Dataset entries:
--- START ---

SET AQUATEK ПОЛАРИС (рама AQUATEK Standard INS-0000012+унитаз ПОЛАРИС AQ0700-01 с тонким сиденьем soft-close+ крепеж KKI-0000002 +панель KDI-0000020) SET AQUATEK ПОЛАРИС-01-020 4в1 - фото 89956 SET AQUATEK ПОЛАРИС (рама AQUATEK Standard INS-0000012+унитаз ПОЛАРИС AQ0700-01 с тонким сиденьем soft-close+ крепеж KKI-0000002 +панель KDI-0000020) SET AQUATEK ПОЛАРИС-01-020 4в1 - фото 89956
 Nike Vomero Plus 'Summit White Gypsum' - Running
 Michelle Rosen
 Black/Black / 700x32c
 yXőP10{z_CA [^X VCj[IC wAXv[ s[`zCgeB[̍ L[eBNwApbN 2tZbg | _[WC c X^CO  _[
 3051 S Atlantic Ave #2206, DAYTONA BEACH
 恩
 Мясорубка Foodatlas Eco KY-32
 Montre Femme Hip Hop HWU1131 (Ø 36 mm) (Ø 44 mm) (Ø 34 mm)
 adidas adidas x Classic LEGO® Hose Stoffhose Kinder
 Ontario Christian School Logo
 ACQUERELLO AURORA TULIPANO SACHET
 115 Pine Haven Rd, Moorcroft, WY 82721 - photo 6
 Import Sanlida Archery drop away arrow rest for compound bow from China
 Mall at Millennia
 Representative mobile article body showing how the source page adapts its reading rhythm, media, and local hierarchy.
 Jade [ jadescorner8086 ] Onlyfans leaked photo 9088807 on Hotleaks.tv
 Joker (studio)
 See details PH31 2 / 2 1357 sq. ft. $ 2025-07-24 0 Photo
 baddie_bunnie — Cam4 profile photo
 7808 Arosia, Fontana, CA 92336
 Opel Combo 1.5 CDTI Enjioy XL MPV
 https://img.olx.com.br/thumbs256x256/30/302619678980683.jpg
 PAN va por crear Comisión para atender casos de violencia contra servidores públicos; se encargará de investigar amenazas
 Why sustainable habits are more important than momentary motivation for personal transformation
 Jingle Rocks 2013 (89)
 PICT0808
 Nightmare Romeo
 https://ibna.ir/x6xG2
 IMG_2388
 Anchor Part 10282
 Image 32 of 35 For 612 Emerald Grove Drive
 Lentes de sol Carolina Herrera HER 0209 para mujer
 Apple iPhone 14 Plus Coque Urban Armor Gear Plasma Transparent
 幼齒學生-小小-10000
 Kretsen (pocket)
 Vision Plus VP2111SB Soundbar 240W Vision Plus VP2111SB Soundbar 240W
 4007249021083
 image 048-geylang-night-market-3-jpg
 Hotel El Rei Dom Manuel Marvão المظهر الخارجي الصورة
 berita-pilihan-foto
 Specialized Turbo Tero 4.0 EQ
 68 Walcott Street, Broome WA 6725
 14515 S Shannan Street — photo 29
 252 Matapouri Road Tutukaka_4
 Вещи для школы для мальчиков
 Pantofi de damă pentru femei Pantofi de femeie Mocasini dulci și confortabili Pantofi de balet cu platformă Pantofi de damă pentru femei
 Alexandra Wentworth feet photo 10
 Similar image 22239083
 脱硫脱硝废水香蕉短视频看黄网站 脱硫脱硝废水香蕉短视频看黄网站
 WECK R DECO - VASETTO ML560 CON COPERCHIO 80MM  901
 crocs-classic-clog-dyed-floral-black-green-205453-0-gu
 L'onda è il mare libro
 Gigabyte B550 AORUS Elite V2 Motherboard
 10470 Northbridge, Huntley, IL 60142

--- END ---

PROBLEM DETAILS> Reproduce exactly the line that contains "Alexandra Wentworth feet photo 10" together with each line after it to the end of the entries; include no other lines.

RESULT OF THIS EXERCISE>
 Alexandra Wentworth feet photo 10
 Similar image 22239083
 脱硫脱硝废水香蕉短视频看黄网站 脱硫脱硝废水香蕉短视频看黄网站
 WECK R DECO - VASETTO ML560 CON COPERCHIO 80MM  901
 crocs-classic-clog-dyed-floral-black-green-205453-0-gu
 L'onda è il mare libro
 Gigabyte B550 AORUS Elite V2 Motherboard
 10470 Northbridge, Huntley, IL 60142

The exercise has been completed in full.